- Interactive map of Sesquicentennial Park
- Type: Municipal
- Location: 400 Texas Avenue Houston, Texas 77002
- Coordinates: 29°45′51″N 95°21′54″W﻿ / ﻿29.76424°N 95.36509°W
- Area: 22.5 acres (91,000 m^{2})
- Created: August 22, 1989
- Operator: Houston Parks and Recreation Department
- Status: Open (year-round)
- Website: http://www.houstontx.gov/sqpark

= Sesquicentennial Park =

Park in Texas, United States of America

Sesquicentennial Park is an urban park in downtown Houston, Texas. Established in 1989 along the banks of Buffalo Bayou, the 22.5 acre park was established in 1986 to commemorate the 150-year anniversary of the founding of the city of Houston and of the Republic of Texas.

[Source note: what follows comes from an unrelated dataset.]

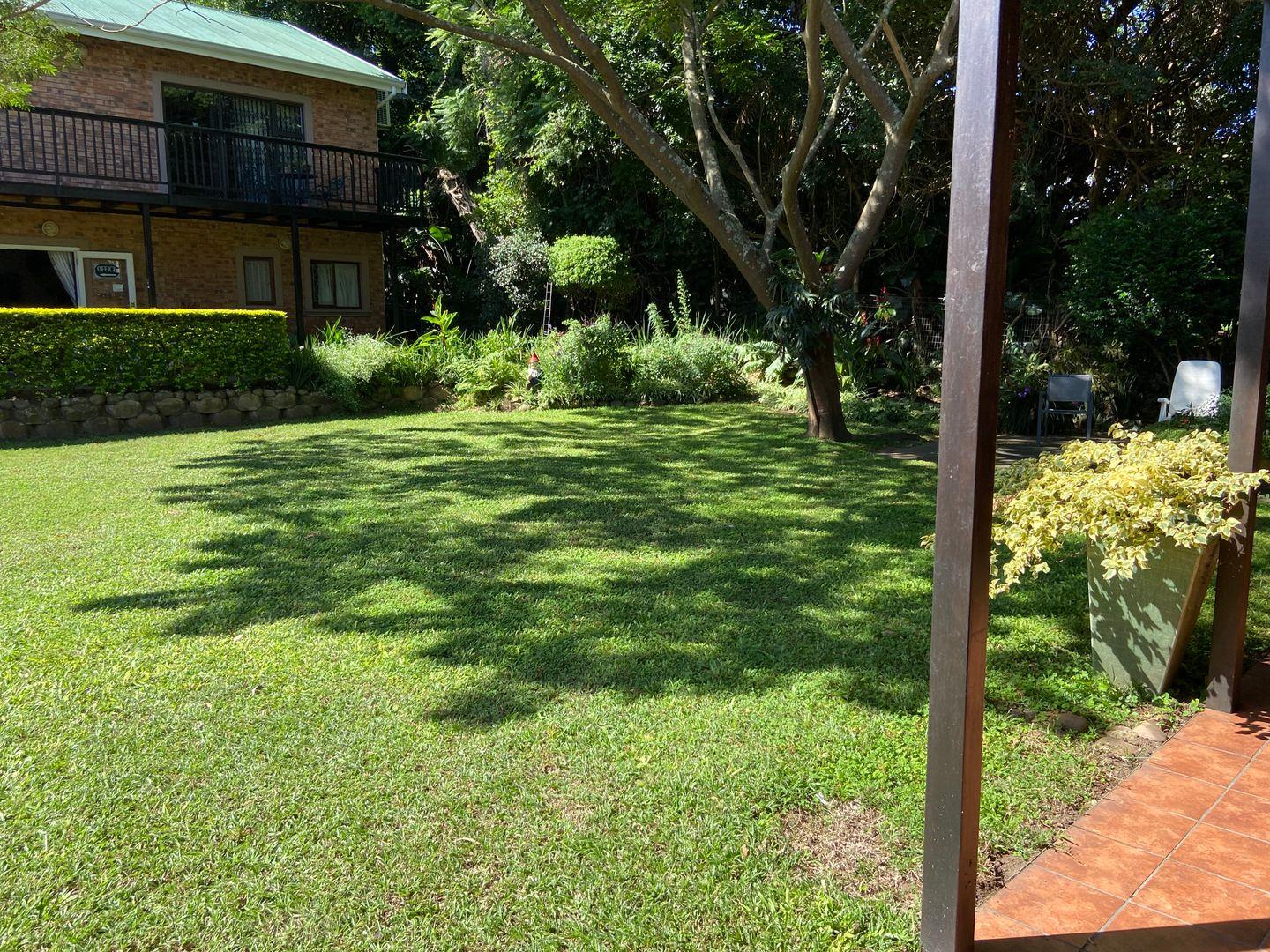 Apartments / flats for sale in Durban North Durban North Property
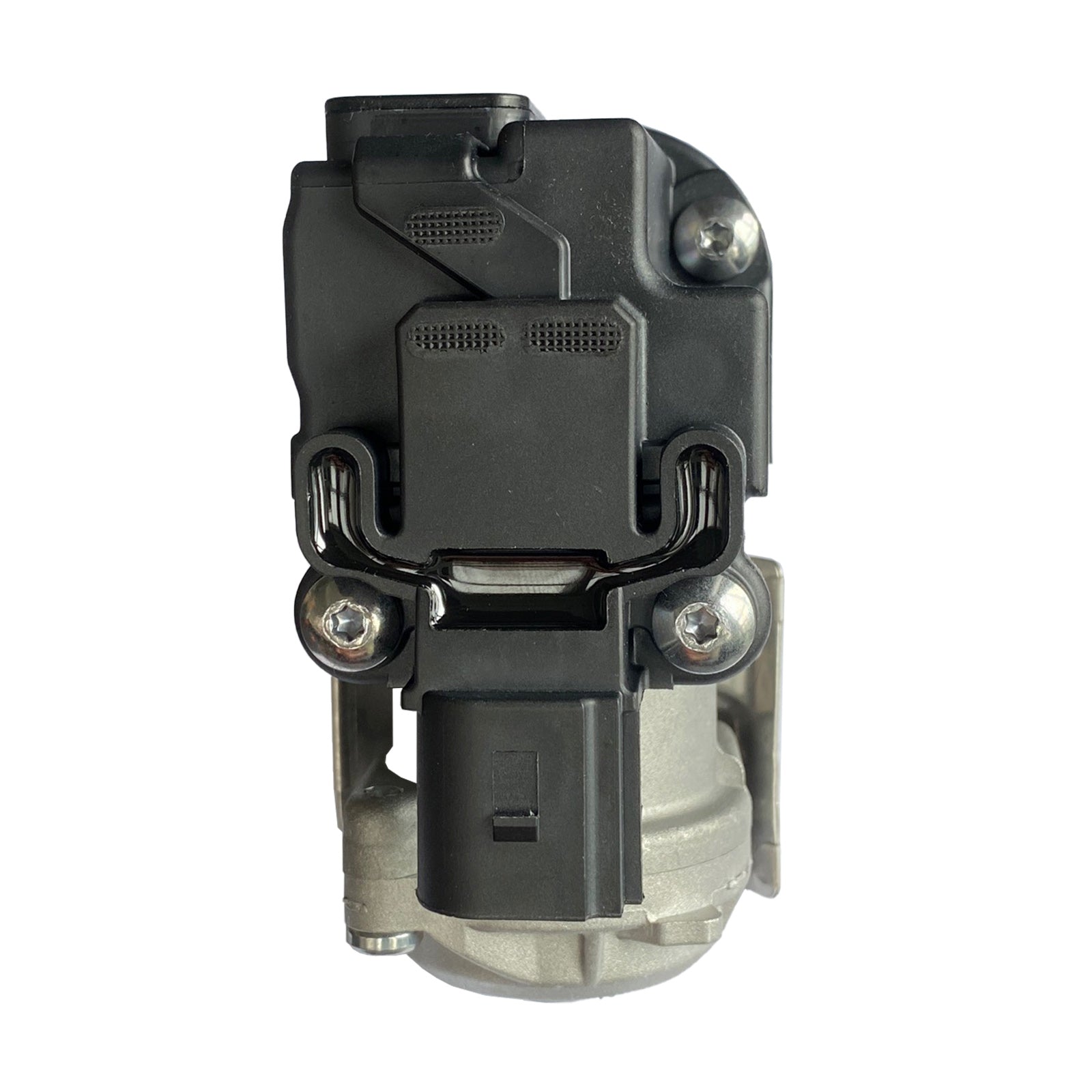 06K145612E Turbo Electric Actuator for Volkswagen Beetle Cabrio 2.0TFSI Jetta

Built in two phases, the 2.2 acre entrance to the park and a 10.4 acre site that flanks Buffalo Bayou as it flows past Wortham Theater Center and the northern section of the Houston Theater District was completed in August 1989. The 8.2 acre second phase was completed in May 1998, ending the $19 million project that took 14 years to complete.

The park features Seven Wonders, a set of seven pillars illuminated from within by Houston native Mel Chin and several sculptures titled The Big Bubble, Site Seeing, and Sounds from the Past, by artist Dean Ruck, who also lives and works in Houston.